_Requirement_
Output the material exactly, line by line.

_Data records_
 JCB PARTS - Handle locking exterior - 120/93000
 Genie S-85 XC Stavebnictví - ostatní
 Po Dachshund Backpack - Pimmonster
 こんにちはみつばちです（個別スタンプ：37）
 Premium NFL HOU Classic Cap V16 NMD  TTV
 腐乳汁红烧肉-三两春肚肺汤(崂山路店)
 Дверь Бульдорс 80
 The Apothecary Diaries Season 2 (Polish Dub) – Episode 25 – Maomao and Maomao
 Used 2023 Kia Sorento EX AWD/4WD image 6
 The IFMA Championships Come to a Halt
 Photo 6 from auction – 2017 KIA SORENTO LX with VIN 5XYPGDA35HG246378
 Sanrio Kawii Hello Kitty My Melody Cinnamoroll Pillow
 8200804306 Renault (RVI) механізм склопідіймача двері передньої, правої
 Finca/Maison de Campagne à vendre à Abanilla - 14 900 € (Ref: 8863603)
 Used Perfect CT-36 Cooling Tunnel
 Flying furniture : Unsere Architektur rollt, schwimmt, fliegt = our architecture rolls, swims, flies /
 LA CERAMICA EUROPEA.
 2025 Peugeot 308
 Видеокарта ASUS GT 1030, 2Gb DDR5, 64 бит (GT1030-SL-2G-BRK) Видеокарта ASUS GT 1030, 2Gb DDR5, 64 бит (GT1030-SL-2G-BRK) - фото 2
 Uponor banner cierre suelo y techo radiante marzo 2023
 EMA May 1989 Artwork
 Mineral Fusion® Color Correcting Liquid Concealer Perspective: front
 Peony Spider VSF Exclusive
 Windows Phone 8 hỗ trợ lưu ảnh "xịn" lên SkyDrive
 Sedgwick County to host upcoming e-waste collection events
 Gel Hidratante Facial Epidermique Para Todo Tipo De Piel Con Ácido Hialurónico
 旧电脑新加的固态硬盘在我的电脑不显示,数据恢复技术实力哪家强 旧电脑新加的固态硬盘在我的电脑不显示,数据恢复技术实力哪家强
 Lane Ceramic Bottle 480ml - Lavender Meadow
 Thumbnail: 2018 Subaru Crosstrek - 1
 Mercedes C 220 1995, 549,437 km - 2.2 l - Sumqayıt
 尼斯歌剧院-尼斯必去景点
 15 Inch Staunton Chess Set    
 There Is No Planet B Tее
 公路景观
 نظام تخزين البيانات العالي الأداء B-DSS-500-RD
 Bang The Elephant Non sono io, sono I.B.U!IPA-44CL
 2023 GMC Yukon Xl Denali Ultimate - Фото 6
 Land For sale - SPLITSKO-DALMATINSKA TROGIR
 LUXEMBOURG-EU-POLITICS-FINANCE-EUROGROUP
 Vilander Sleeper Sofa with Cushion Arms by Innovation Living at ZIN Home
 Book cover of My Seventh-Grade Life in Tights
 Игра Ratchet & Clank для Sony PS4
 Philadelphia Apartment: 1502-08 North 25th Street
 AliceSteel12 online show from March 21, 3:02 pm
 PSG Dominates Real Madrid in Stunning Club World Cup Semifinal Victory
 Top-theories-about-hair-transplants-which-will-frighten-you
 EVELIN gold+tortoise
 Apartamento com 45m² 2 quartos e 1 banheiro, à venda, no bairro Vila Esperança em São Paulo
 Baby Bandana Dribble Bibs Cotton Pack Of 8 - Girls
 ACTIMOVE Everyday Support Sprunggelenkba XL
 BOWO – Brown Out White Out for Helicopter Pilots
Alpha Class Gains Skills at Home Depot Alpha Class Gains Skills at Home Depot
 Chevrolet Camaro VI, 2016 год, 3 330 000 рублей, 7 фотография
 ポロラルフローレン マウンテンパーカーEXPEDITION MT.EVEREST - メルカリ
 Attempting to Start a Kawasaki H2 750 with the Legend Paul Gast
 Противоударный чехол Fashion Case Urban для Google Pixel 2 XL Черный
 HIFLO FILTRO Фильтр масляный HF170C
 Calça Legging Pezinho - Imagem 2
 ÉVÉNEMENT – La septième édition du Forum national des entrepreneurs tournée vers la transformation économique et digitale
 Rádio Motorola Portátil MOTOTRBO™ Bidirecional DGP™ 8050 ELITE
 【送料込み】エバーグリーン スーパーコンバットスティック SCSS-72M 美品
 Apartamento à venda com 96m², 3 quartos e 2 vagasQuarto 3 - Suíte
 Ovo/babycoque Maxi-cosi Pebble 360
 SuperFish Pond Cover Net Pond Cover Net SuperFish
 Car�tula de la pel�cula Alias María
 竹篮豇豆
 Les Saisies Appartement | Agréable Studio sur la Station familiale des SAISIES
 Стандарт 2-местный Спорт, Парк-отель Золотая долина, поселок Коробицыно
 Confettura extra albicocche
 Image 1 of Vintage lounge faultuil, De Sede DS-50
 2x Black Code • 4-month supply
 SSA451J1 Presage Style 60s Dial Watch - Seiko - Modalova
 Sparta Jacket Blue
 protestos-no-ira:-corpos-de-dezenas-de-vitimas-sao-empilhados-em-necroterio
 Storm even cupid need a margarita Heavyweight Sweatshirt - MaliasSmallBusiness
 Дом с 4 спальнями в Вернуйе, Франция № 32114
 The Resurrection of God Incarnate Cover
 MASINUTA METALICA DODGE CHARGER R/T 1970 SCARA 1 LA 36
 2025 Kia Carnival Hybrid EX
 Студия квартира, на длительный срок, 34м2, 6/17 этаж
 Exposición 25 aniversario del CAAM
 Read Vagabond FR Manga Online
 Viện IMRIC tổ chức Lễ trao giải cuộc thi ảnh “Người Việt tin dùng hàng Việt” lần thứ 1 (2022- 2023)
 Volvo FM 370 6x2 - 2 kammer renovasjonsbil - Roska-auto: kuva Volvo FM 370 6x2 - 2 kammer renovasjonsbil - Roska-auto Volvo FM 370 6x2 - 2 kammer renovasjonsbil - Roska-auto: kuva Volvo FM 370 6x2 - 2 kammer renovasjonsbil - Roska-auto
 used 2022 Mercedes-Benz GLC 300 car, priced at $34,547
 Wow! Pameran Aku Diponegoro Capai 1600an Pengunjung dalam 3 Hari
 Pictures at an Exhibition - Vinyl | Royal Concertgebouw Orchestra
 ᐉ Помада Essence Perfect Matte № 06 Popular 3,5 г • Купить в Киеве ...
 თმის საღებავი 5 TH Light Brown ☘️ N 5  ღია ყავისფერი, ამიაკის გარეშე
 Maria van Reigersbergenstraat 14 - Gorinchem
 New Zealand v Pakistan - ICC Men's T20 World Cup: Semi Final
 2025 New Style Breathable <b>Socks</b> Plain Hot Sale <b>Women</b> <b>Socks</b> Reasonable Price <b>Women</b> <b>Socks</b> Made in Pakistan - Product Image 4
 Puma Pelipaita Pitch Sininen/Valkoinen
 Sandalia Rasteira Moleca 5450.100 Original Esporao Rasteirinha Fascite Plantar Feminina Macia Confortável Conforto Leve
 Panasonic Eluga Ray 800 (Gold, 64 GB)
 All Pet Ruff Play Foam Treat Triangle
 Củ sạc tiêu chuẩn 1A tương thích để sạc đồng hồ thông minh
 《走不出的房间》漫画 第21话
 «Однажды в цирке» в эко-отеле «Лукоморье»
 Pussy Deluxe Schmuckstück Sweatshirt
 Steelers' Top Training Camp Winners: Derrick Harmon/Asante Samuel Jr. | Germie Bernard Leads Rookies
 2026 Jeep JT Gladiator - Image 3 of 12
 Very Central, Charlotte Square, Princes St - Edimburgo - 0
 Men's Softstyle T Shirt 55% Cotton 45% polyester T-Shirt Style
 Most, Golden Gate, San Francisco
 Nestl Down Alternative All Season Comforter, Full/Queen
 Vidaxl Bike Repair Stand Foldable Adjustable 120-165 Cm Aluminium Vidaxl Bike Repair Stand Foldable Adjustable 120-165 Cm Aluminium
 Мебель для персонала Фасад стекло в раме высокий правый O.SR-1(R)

_Answer space_
 JCB PARTS - Handle locking exterior - 120/93000
 Genie S-85 XC Stavebnictví - ostatní
 Po Dachshund Backpack - Pimmonster
 こんにちはみつばちです（個別スタンプ：37）
 Premium NFL HOU Classic Cap V16 NMD  TTV
 腐乳汁红烧肉-三两春肚肺汤(崂山路店)
 Дверь Бульдорс 80
 The Apothecary Diaries Season 2 (Polish Dub) – Episode 25 – Maomao and Maomao
 Used 2023 Kia Sorento EX AWD/4WD image 6
 The IFMA Championships Come to a Halt
 Photo 6 from auction – 2017 KIA SORENTO LX with VIN 5XYPGDA35HG246378
 Sanrio Kawii Hello Kitty My Melody Cinnamoroll Pillow
 8200804306 Renault (RVI) механізм склопідіймача двері передньої, правої
 Finca/Maison de Campagne à vendre à Abanilla - 14 900 € (Ref: 8863603)
 Used Perfect CT-36 Cooling Tunnel
 Flying furniture : Unsere Architektur rollt, schwimmt, fliegt = our architecture rolls, swims, flies /
 LA CERAMICA EUROPEA.
 2025 Peugeot 308
 Видеокарта ASUS GT 1030, 2Gb DDR5, 64 бит (GT1030-SL-2G-BRK) Видеокарта ASUS GT 1030, 2Gb DDR5, 64 бит (GT1030-SL-2G-BRK) - фото 2
 Uponor banner cierre suelo y techo radiante marzo 2023
 EMA May 1989 Artwork
 Mineral Fusion® Color Correcting Liquid Concealer Perspective: front
 Peony Spider VSF Exclusive
 Windows Phone 8 hỗ trợ lưu ảnh "xịn" lên SkyDrive
 Sedgwick County to host upcoming e-waste collection events
 Gel Hidratante Facial Epidermique Para Todo Tipo De Piel Con Ácido Hialurónico
 旧电脑新加的固态硬盘在我的电脑不显示,数据恢复技术实力哪家强 旧电脑新加的固态硬盘在我的电脑不显示,数据恢复技术实力哪家强
 Lane Ceramic Bottle 480ml - Lavender Meadow
 Thumbnail: 2018 Subaru Crosstrek - 1
 Mercedes C 220 1995, 549,437 km - 2.2 l - Sumqayıt
 尼斯歌剧院-尼斯必去景点
 15 Inch Staunton Chess Set    
 There Is No Planet B Tее
 公路景观
 نظام تخزين البيانات العالي الأداء B-DSS-500-RD
 Bang The Elephant Non sono io, sono I.B.U!IPA-44CL
 2023 GMC Yukon Xl Denali Ultimate - Фото 6
 Land For sale - SPLITSKO-DALMATINSKA TROGIR
 LUXEMBOURG-EU-POLITICS-FINANCE-EUROGROUP
 Vilander Sleeper Sofa with Cushion Arms by Innovation Living at ZIN Home
 Book cover of My Seventh-Grade Life in Tights
 Игра Ratchet & Clank для Sony PS4
 Philadelphia Apartment: 1502-08 North 25th Street
 AliceSteel12 online show from March 21, 3:02 pm
 PSG Dominates Real Madrid in Stunning Club World Cup Semifinal Victory
 Top-theories-about-hair-transplants-which-will-frighten-you
 EVELIN gold+tortoise
 Apartamento com 45m² 2 quartos e 1 banheiro, à venda, no bairro Vila Esperança em São Paulo
 Baby Bandana Dribble Bibs Cotton Pack Of 8 - Girls
 ACTIMOVE Everyday Support Sprunggelenkba XL
 BOWO – Brown Out White Out for Helicopter Pilots
Alpha Class Gains Skills at Home Depot Alpha Class Gains Skills at Home Depot
 Chevrolet Camaro VI, 2016 год, 3 330 000 рублей, 7 фотография
 ポロラルフローレン マウンテンパーカーEXPEDITION MT.EVEREST - メルカリ
 Attempting to Start a Kawasaki H2 750 with the Legend Paul Gast
 Противоударный чехол Fashion Case Urban для Google Pixel 2 XL Черный
 HIFLO FILTRO Фильтр масляный HF170C
 Calça Legging Pezinho - Imagem 2
 ÉVÉNEMENT – La septième édition du Forum national des entrepreneurs tournée vers la transformation économique et digitale
 Rádio Motorola Portátil MOTOTRBO™ Bidirecional DGP™ 8050 ELITE
 【送料込み】エバーグリーン スーパーコンバットスティック SCSS-72M 美品
 Apartamento à venda com 96m², 3 quartos e 2 vagasQuarto 3 - Suíte
 Ovo/babycoque Maxi-cosi Pebble 360
 SuperFish Pond Cover Net Pond Cover Net SuperFish
 Car�tula de la pel�cula Alias María
 竹篮豇豆
 Les Saisies Appartement | Agréable Studio sur la Station familiale des SAISIES
 Стандарт 2-местный Спорт, Парк-отель Золотая долина, поселок Коробицыно
 Confettura extra albicocche
 Image 1 of Vintage lounge faultuil, De Sede DS-50
 2x Black Code • 4-month supply
 SSA451J1 Presage Style 60s Dial Watch - Seiko - Modalova
 Sparta Jacket Blue
 protestos-no-ira:-corpos-de-dezenas-de-vitimas-sao-empilhados-em-necroterio
 Storm even cupid need a margarita Heavyweight Sweatshirt - MaliasSmallBusiness
 Дом с 4 спальнями в Вернуйе, Франция № 32114
 The Resurrection of God Incarnate Cover
 MASINUTA METALICA DODGE CHARGER R/T 1970 SCARA 1 LA 36
 2025 Kia Carnival Hybrid EX
 Студия квартира, на длительный срок, 34м2, 6/17 этаж
 Exposición 25 aniversario del CAAM
 Read Vagabond FR Manga Online
 Viện IMRIC tổ chức Lễ trao giải cuộc thi ảnh “Người Việt tin dùng hàng Việt” lần thứ 1 (2022- 2023)
 Volvo FM 370 6x2 - 2 kammer renovasjonsbil - Roska-auto: kuva Volvo FM 370 6x2 - 2 kammer renovasjonsbil - Roska-auto Volvo FM 370 6x2 - 2 kammer renovasjonsbil - Roska-auto: kuva Volvo FM 370 6x2 - 2 kammer renovasjonsbil - Roska-auto
 used 2022 Mercedes-Benz GLC 300 car, priced at $34,547
 Wow! Pameran Aku Diponegoro Capai 1600an Pengunjung dalam 3 Hari
 Pictures at an Exhibition - Vinyl | Royal Concertgebouw Orchestra
 ᐉ Помада Essence Perfect Matte № 06 Popular 3,5 г • Купить в Киеве ...
 თმის საღებავი 5 TH Light Brown ☘️ N 5  ღია ყავისფერი, ამიაკის გარეშე
 Maria van Reigersbergenstraat 14 - Gorinchem
 New Zealand v Pakistan - ICC Men's T20 World Cup: Semi Final
 2025 New Style Breathable <b>Socks</b> Plain Hot Sale <b>Women</b> <b>Socks</b> Reasonable Price <b>Women</b> <b>Socks</b> Made in Pakistan - Product Image 4
 Puma Pelipaita Pitch Sininen/Valkoinen
 Sandalia Rasteira Moleca 5450.100 Original Esporao Rasteirinha Fascite Plantar Feminina Macia Confortável Conforto Leve
 Panasonic Eluga Ray 800 (Gold, 64 GB)
 All Pet Ruff Play Foam Treat Triangle
 Củ sạc tiêu chuẩn 1A tương thích để sạc đồng hồ thông minh
 《走不出的房间》漫画 第21话
 «Однажды в цирке» в эко-отеле «Лукоморье»
 Pussy Deluxe Schmuckstück Sweatshirt
 Steelers' Top Training Camp Winners: Derrick Harmon/Asante Samuel Jr. | Germie Bernard Leads Rookies
 2026 Jeep JT Gladiator - Image 3 of 12
 Very Central, Charlotte Square, Princes St - Edimburgo - 0
 Men's Softstyle T Shirt 55% Cotton 45% polyester T-Shirt Style
 Most, Golden Gate, San Francisco
 Nestl Down Alternative All Season Comforter, Full/Queen
 Vidaxl Bike Repair Stand Foldable Adjustable 120-165 Cm Aluminium Vidaxl Bike Repair Stand Foldable Adjustable 120-165 Cm Aluminium
 Мебель для персонала Фасад стекло в раме высокий правый O.SR-1(R)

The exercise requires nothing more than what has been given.